## WHAT THIS TASK INVOLVES
Each line of the data below from the one holding "1512 Alder Ln, Gold" to the one holding "Photo of 8'", inclusive, is to be reproduced exactly; no other line belongs in the answer.

◆ ◆ ◆ ◆

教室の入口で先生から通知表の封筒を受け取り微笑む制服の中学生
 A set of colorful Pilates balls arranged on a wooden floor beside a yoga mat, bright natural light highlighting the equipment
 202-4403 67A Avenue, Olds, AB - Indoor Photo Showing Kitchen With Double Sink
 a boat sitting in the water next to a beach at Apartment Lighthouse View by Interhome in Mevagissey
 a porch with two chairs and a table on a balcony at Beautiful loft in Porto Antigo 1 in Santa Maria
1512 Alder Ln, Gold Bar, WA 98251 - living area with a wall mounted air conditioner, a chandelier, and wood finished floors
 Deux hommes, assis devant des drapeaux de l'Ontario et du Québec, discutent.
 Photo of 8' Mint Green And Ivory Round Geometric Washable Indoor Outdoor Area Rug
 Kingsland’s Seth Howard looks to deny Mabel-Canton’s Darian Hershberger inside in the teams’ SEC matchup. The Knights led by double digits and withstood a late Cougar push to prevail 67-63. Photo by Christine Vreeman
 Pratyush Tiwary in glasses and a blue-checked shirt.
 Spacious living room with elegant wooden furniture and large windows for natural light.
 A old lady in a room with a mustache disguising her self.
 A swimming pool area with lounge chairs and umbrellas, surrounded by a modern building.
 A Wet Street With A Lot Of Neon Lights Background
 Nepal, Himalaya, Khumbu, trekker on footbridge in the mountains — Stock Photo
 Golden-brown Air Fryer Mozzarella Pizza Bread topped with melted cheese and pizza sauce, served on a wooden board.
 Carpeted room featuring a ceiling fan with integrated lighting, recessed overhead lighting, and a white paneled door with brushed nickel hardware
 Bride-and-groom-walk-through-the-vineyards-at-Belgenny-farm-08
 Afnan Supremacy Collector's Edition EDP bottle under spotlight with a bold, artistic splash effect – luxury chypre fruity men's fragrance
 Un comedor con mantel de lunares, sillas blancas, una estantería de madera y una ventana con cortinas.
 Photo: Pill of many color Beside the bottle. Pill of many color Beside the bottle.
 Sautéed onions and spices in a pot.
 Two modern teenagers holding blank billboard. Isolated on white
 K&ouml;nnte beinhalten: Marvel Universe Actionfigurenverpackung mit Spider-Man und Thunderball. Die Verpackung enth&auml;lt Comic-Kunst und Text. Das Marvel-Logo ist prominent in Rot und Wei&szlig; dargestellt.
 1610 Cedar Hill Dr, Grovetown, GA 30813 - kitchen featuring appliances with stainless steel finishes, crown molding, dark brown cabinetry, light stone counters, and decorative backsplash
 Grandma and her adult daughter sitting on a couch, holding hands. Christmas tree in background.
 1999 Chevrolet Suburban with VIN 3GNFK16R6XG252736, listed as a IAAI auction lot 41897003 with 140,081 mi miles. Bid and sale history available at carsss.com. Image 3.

◆ ◆ ◆ ◆

## REPLY
1512 Alder Ln, Gold Bar, WA 98251 - living area with a wall mounted air conditioner, a chandelier, and wood finished floors
 Deux hommes, assis devant des drapeaux de l'Ontario et du Québec, discutent.
 Photo of 8' Mint Green And Ivory Round Geometric Washable Indoor Outdoor Area Rug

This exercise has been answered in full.